Question

Consider a short time span just before and after the spark plug in a gasoline engine ignites the fuel-air mixture and releases 1970 J of thermal energy into a volume of 47.9 cm3 that is at a gas pressure of 1.18×106Pa.
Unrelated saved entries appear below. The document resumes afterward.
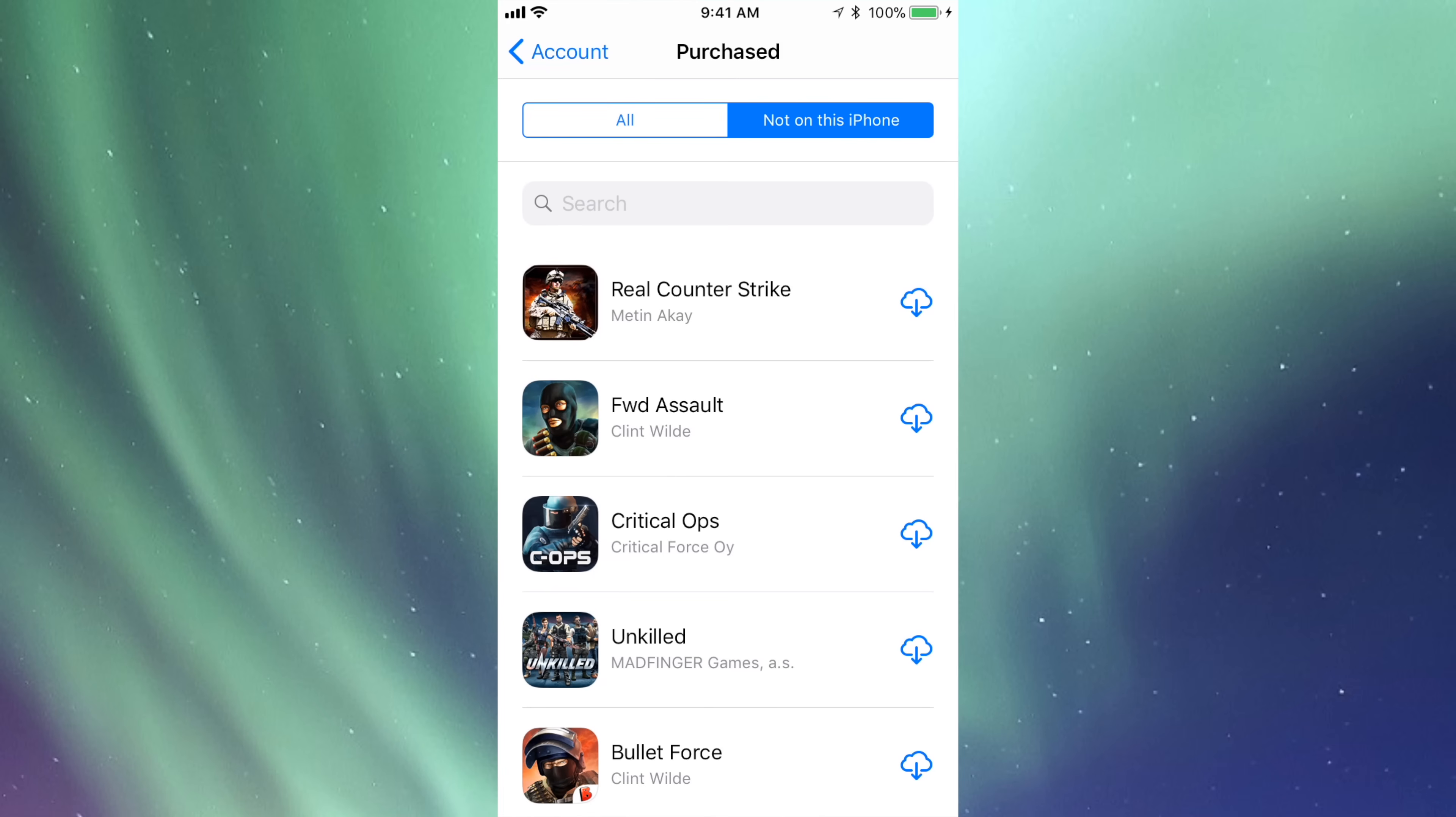Once you hide them from here, they're always going to be hidden on your iPad too. So if you guys have other devices, they will be hidden from there as well, not just the iPhone.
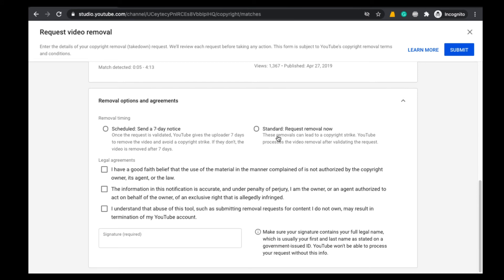And the other option is Standard Request Removal option. If you select this option, then your video will be deleted immediately after raising this request. Here immediately means one or two days. Here I am selecting Standard option.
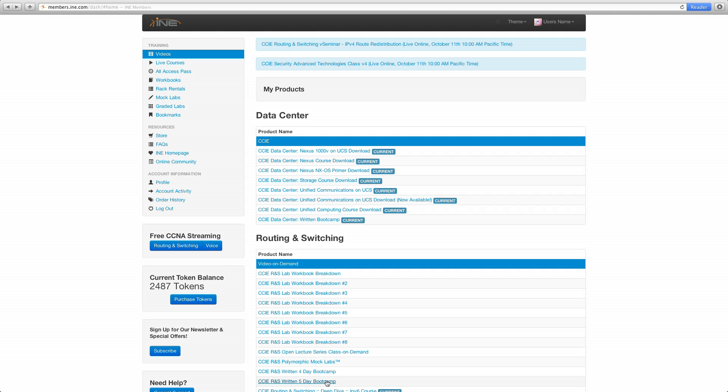The third change is to our scheduling interface which I can explain as I demonstrate. So let's get right to it. Nothing has changed here. Upper left hand side of your INE home page, go ahead and click Rack Rentals.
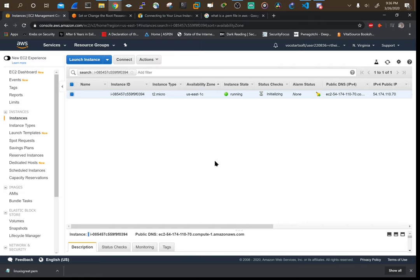So now that we see our instance state is running, we're going to go ahead and connect to it. How do we do that? I'm so glad you asked. We go up to connect.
In this short period of time the volume of the gas can be considered constant.
Treating the fuel-air mixture as a monatomic ideal gas at an initial temperature of 325 K, what is its temperature after ignition?

Answer 1

Answer:

Temperature after ignition=7883.205 K

Explanation:

The number of moles is,

n=PV/RT

=(1.18x10^6)(47.9x10^-6)/8.314(325)

= 0.0209 moles

a) In this process volume is constant

Q=U

=nCv.dT

dT= Q/nCv

=1970/(1.5x8.314)(0.0209)

= 7558.205 K

The final temperature is,

= 7558.205+325

= 7883.205 K

Answer 2

Answer:

The temperature after ignition is 7859.565 K

Explanation:

Here we have

Energy released = 1970 J

Volume of gas = 47.9 cm³ = 0.0000479 m³

Pressure of gas = 1.18 × 10⁶ Pa

Temperature of he gas = 325 K

From P·V = n·R·T  

Therefore, n = PV/(RT) = (0.0000479 × 1.18 × 10⁶)/(8.3145× 325) = 2.09 × 10⁻² moles    

For an ideal mono-atomic gas, the mono-atomic gas, the molar heat capacity at constant volume is given as

$C_v$ = 3/2 R ≈ 12.5 J K−1 mol⁻¹

Therefore we have

Heat released, ΔH = 1970 J = n × $C_v$×(T₂ - T₁) = 2.09 × 10⁻² × 12.5×(T₂ -325)

T₂ = (1970 J)/(2.09 × 10⁻² × 12.5) + 325  

    = 7534.565 +325 = 7859.565 K

The temperature after ignition = 7859.565 K.